Provided material:
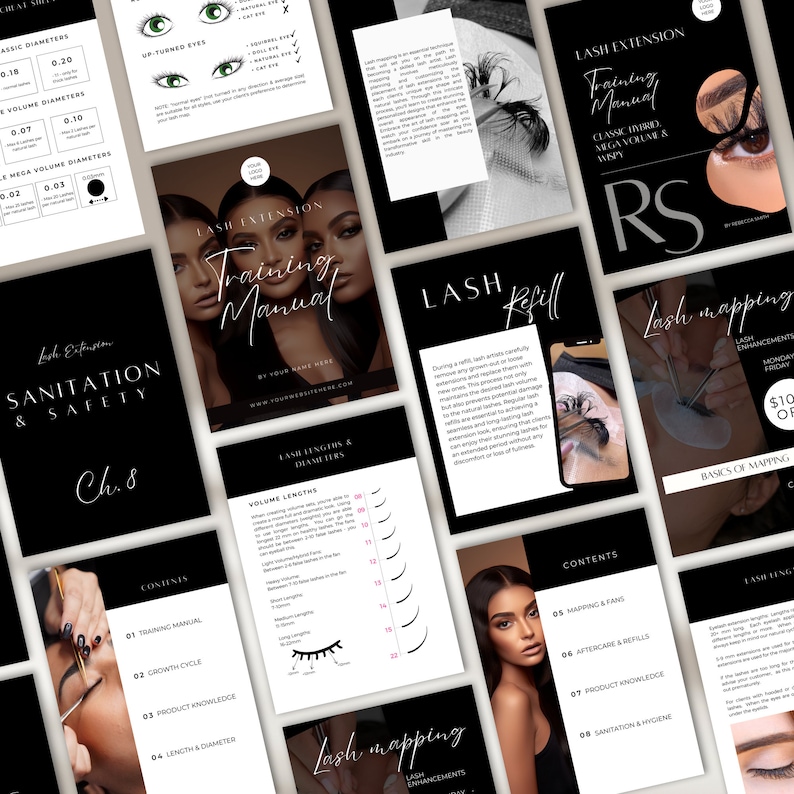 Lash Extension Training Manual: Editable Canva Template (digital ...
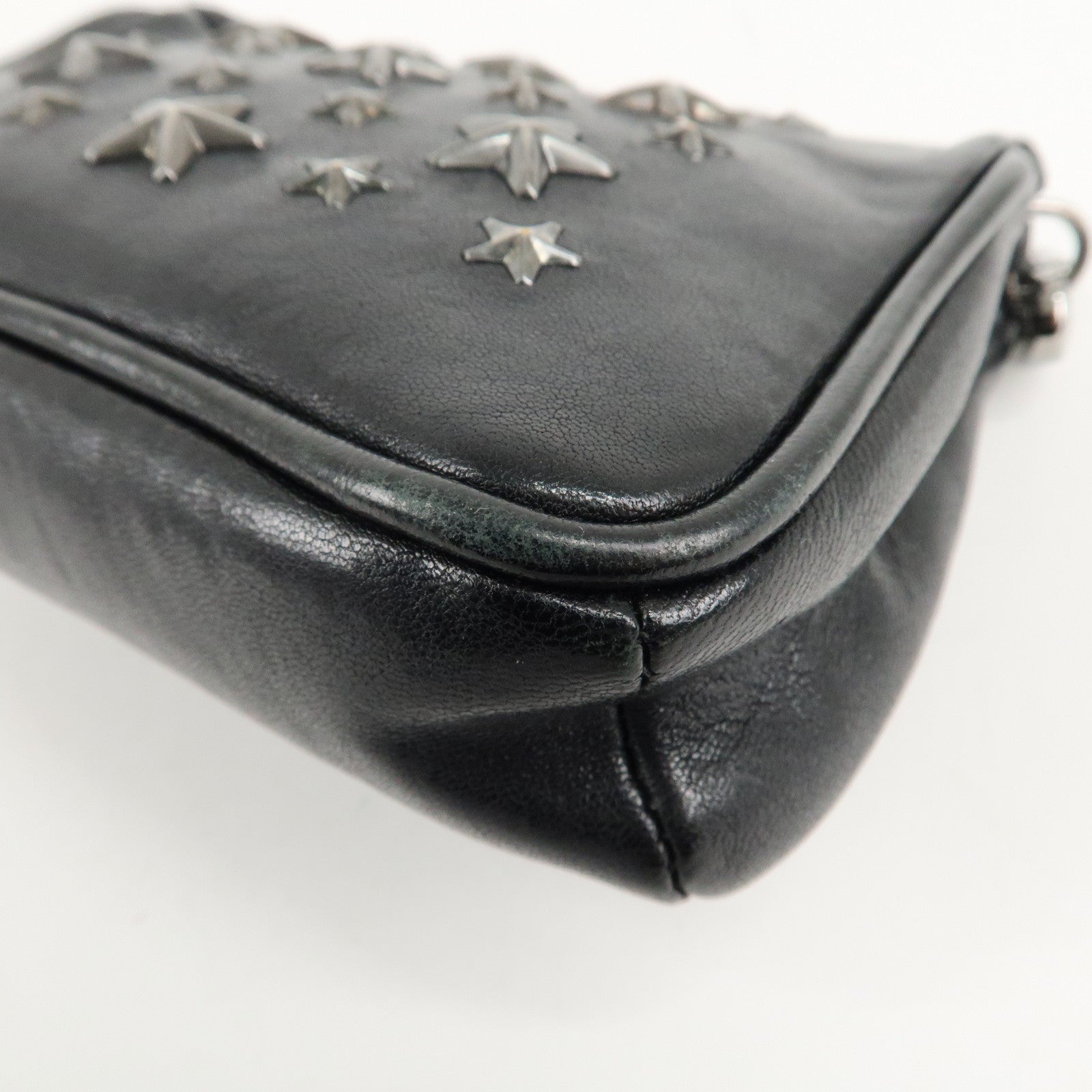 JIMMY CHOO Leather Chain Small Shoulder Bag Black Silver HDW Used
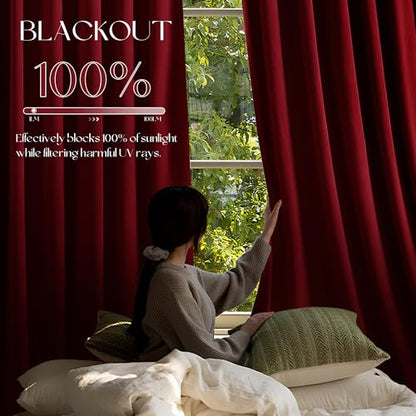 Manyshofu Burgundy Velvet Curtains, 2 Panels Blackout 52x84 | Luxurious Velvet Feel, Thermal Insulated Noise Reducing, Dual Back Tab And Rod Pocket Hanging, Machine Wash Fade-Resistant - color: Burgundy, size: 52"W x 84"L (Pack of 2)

About this task: Set down the material above exactly as written, but not the pictures.

Output of the task:
 Lash Extension Training Manual: Editable Canva Template (digital ...
 JIMMY CHOO Leather Chain Small Shoulder Bag Black Silver HDW Used
 Manyshofu Burgundy Velvet Curtains, 2 Panels Blackout 52x84 | Luxurious Velvet Feel, Thermal Insulated Noise Reducing, Dual Back Tab And Rod Pocket Hanging, Machine Wash Fade-Resistant - color: Burgundy, size: 52"W x 84"L (Pack of 2)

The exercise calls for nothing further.